▶ [Task item]:
From the entries below, reproduce exactly the line containing "Rotulador zendesk marcador", the line containing "Joules Ladies Matilda", and every line in between, with nothing added.

▶ [Records for the exercise]:
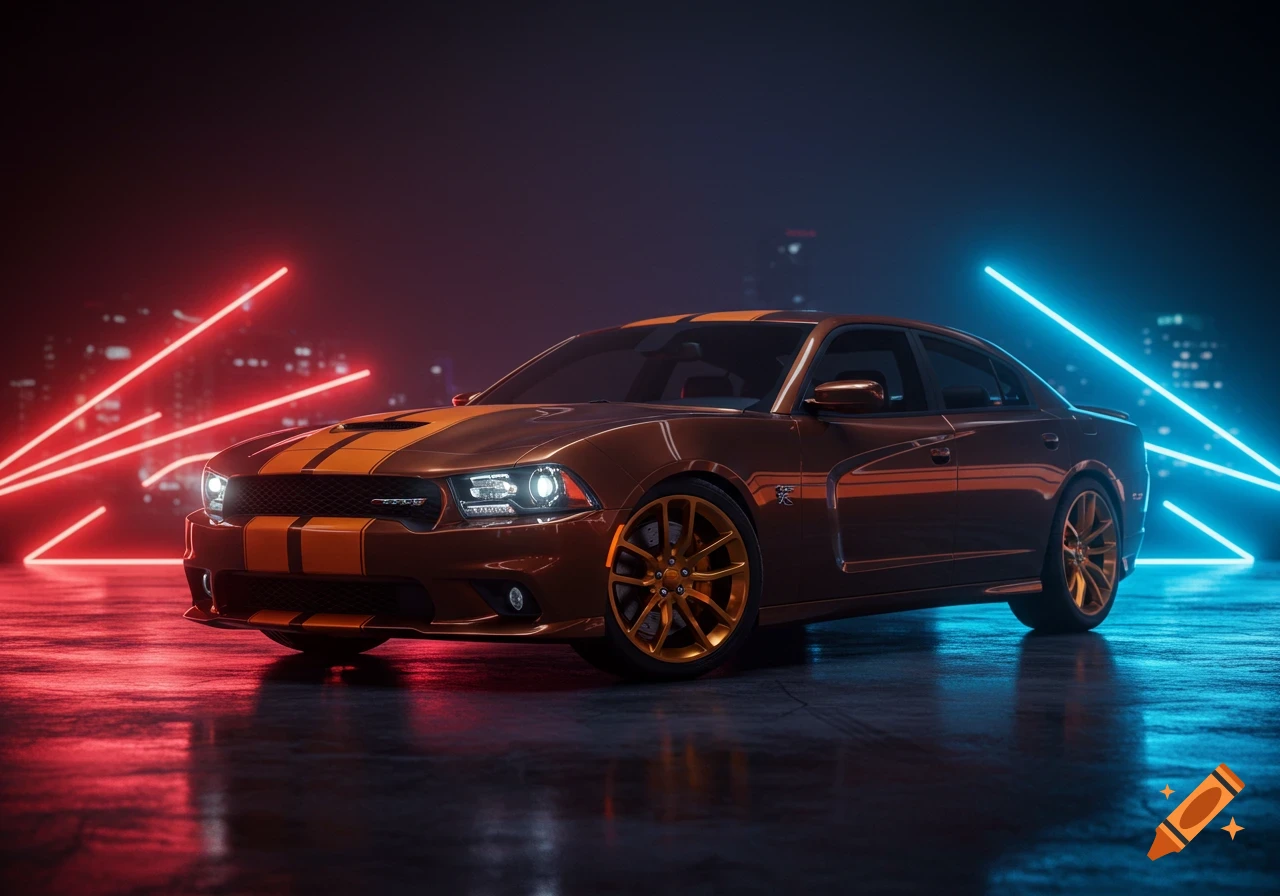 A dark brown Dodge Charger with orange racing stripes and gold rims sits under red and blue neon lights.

...

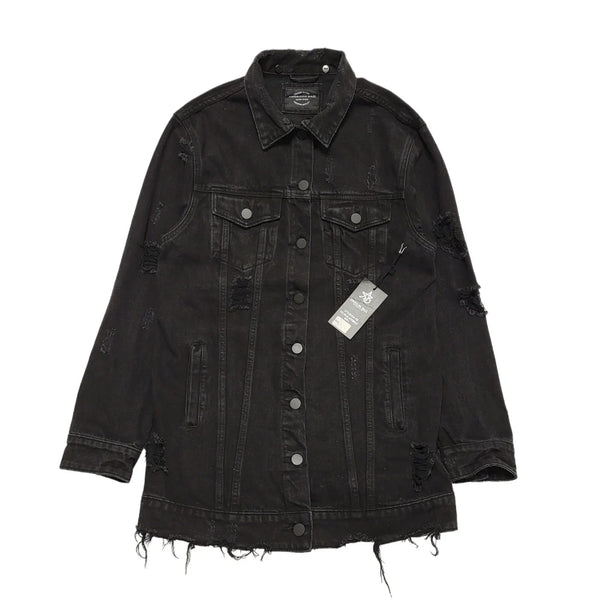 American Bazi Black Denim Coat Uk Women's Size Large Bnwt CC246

...

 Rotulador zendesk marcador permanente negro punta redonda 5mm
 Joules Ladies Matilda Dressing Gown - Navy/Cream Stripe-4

▶ [The completed task]:
 Rotulador zendesk marcador permanente negro punta redonda 5mm
 Joules Ladies Matilda Dressing Gown - Navy/Cream Stripe-4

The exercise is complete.